→ **WORK ITEM**
Pull out every line below containing the word "Rover".

RECORDS FOR THE TASK section start

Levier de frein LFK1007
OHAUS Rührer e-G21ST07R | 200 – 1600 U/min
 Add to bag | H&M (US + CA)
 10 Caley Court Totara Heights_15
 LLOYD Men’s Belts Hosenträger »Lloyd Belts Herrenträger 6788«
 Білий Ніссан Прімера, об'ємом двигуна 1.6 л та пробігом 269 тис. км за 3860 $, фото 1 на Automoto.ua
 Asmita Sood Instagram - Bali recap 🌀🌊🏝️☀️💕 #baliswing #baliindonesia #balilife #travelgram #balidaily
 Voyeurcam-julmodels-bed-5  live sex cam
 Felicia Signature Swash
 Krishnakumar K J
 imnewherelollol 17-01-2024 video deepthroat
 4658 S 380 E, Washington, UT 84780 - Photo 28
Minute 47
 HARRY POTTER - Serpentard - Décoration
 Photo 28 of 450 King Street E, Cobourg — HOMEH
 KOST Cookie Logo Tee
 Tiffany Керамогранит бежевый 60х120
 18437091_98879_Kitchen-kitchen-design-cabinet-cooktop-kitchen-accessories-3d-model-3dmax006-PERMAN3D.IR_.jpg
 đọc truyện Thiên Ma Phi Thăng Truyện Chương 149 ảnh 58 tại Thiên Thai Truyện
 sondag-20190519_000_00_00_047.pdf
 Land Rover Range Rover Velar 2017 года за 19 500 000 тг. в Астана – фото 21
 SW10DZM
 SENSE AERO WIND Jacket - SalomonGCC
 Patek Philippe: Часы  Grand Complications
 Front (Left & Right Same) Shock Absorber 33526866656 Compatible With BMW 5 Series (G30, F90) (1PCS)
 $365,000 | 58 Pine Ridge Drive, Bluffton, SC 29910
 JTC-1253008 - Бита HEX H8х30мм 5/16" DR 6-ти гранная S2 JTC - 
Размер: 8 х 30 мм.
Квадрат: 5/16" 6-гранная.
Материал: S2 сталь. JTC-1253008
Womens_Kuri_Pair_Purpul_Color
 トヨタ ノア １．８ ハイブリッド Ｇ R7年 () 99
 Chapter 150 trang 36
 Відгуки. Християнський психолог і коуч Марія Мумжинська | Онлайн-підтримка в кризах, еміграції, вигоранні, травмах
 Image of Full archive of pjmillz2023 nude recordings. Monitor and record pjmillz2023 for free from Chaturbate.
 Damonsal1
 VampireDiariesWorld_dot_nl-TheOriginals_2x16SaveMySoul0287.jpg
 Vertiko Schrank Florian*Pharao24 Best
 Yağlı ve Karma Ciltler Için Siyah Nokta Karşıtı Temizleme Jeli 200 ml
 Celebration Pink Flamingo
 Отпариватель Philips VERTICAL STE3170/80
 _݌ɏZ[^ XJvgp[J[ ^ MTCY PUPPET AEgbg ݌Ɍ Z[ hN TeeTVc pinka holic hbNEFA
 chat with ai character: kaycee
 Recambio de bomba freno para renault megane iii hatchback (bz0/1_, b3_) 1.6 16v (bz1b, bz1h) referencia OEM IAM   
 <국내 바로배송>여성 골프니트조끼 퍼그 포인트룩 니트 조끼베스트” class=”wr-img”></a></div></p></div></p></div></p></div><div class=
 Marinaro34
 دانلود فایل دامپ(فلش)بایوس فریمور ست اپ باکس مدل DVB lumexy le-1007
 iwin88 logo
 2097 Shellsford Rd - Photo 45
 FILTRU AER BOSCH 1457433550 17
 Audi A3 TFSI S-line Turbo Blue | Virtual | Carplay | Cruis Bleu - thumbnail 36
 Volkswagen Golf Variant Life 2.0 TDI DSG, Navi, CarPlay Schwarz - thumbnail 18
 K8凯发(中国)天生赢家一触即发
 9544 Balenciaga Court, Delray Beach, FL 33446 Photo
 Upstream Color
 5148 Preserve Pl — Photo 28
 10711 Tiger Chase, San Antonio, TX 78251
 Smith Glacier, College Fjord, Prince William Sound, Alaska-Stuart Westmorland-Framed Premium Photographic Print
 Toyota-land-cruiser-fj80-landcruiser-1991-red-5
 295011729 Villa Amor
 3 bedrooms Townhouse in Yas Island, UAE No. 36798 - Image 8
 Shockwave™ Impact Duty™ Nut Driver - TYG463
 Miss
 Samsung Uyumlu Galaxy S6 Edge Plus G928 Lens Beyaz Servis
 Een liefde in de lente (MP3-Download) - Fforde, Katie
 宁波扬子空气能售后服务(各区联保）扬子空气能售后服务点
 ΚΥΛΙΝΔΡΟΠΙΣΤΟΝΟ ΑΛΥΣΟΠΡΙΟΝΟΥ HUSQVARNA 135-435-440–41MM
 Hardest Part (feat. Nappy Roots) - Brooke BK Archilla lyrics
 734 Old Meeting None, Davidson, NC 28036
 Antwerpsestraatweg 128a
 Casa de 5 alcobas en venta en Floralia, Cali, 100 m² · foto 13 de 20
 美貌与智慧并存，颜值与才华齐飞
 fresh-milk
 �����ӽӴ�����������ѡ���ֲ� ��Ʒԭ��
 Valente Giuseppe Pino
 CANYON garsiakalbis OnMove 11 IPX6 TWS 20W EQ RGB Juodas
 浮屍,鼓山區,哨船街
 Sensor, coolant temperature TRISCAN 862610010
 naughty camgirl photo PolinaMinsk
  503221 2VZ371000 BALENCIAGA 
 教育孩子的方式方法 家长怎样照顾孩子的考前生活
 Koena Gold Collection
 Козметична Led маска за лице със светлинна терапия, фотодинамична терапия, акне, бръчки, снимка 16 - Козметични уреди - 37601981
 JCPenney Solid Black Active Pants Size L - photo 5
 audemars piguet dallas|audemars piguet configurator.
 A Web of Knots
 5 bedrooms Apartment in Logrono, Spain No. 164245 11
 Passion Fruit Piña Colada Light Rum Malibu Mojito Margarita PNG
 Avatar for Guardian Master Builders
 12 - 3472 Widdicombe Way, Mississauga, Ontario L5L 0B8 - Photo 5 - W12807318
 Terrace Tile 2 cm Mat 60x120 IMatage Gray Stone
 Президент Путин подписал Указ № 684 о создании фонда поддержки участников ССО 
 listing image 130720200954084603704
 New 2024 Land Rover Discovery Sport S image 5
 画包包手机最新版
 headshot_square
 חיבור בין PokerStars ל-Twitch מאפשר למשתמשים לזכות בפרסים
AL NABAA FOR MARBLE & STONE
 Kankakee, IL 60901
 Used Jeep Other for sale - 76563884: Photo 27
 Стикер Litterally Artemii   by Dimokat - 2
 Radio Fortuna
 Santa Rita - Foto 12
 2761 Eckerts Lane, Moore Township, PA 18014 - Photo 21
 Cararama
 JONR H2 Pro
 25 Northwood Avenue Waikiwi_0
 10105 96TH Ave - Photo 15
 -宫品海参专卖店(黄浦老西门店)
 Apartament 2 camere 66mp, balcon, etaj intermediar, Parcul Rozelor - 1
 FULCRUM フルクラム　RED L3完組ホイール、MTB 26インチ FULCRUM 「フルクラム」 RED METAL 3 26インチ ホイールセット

RECORDS FOR THE TASK section end

→ **YOUR RESPONSE**
 Land Rover Range Rover Velar 2017 года за 19 500 000 тг. в Астана – фото 21
 New 2024 Land Rover Discovery Sport S image 5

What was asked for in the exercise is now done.